Associated with this issue, we also improved the message when there are failures when querying the LDAP. See https://github.com/keycloak/keycloak/pull/34761.

pedroigor avatar Nov 07 '24 20:11 pedroigor

Not finding a user because it no longer exists in LDAP and syncing that change to Keycloak is very different from an actual network connectivity issue and wiping away thousands of users. I can absolutely agree LDAP should be the source of truth, but destructive actions due to network faults shouldn't be the expected outcome. Myself and others in the thread have shown that in at least some cases Keycloak has not caught the error in connectivity properly and user data was lost.

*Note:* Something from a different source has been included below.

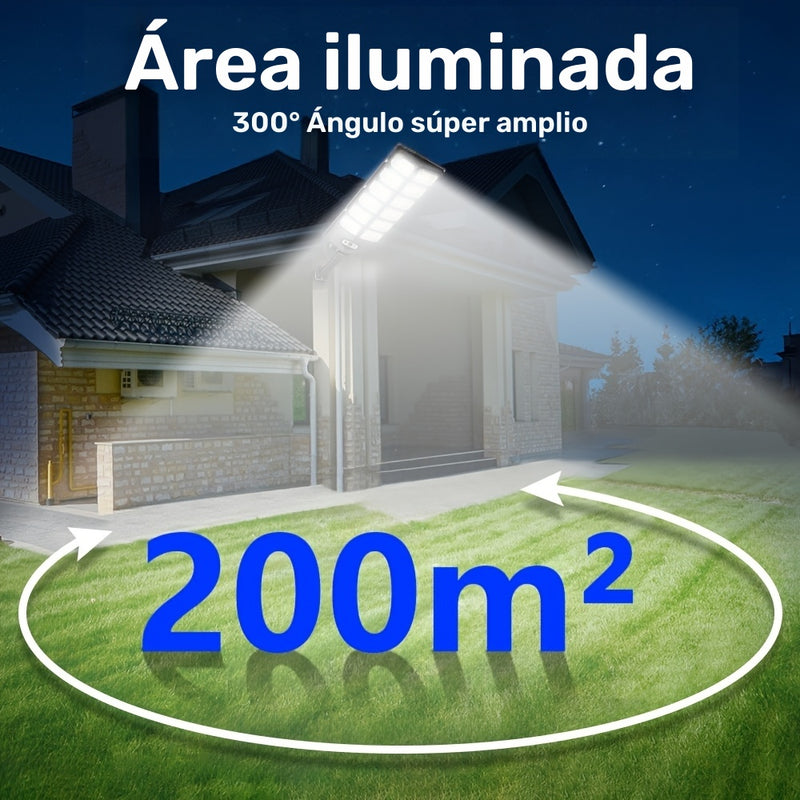 1 pieza de luz solar para calle 504LED, luces solares de 6500K, con sensor de movimiento de ángulo amplio, 3 modos, desde el atardecer hasta el amanecer, batería de gran capacidad de 4500mAh y soporte plegable para iluminación exterior en jardín, patio y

zts3y avatar Nov 07 '24 20:11 zts3y

Myself and others in the thread have shown that in at least some cases Keycloak has not caught the error in connectivity properly and user data was lost.

Unfortunately, we have also experienced that and turned off the removal in our fork for years (with a dirty hack). This led to many invalid users over the years, but it is still better than removing valid users during an Active Directory Update.

yanxch avatar Nov 08 '24 20:11 yanxch

We do not remove users from local storage if there are connectivity issues with LDAP or when running queries.

I think based on all the comments this does not seem to be true. Many people here are writing about instances where connectivity errors lead to users being deleted which should not happen. Maybe some errors are silenced along the way and converted into an empty response set?

septatrix avatar Nov 08 '24 23:11 septatrix

Perhaps what is missing here is more context about the LDAP provider configuration and the steps to reproduce. Sorry, if I missed any step but I could not reproduce the users being deleted when failing to connect to the LDAP service.

The LDAP provider settings are full of combinations to change how the LDAP provider behaves. Can you provide your configuration?

pedroigor avatar Nov 11 '24 14:11 pedroigor

We have an OpenLDAP proxy in front of an Active Directory (with 3 Pods). It's not in our ownership so I don't know much about the configuration of the LDAP itself.

KC Settings:

  • Vendor: Active Directory
  • Use Truststore SPI: ldapsOnly
  • Connection Pooling: On
  • Connection Timeout: 35000
  • Bind type: simple
  • Edit Mode: UNSYNCED
  • Search Scope: Subtree
  • Pagination: On
  • Import Users: On
  • Sync Registrations: Off
  • Batch Size: 100
  • Periodic changed users sync
  • Changed users sync period: 86400
  • Cache Policy: DEFAULT
  • No Advanced Settings

@pedroigor imo it's like chasing a ghost, and I was fine that you closed this issue. I'll prepare a PR for #34764.

  1. Maybe we can find a way to log the LDAP responses (I have not looked into this yet)

  2. This is a totally different idea: Would it be feasible to create an option to delete an invalid user after a given amount of time?

yanxch avatar Nov 14 '24 15:11 yanxch

@yanxch Awesome! Thanks for your time on https://github.com/keycloak/keycloak/issues/34764.

  1. Maybe we can find a way to log the LDAP responses (I have not looked into this yet)
  2. This is a totally different idea: Would it be feasible to create an option to delete an invalid user after a given amount of time?

I'm not sure about both. IMO, we can start with your changes to avoid removing users when they can not be queries in LDAP. I'm afraid we can end up with lot of settings if we don't think more about the use cases where you want to handle invalid users/queries from LDAP.

I also agree we can close this issue because we can't do much but start with your proposal in https://github.com/keycloak/keycloak/issues/34764.

pedroigor avatar Nov 21 '24 20:11 pedroigor

Thanks for reporting this issue. However, after review this is not considered a valid issue, or has been recently resolved.

As the issue is not valid it will be automatically closed.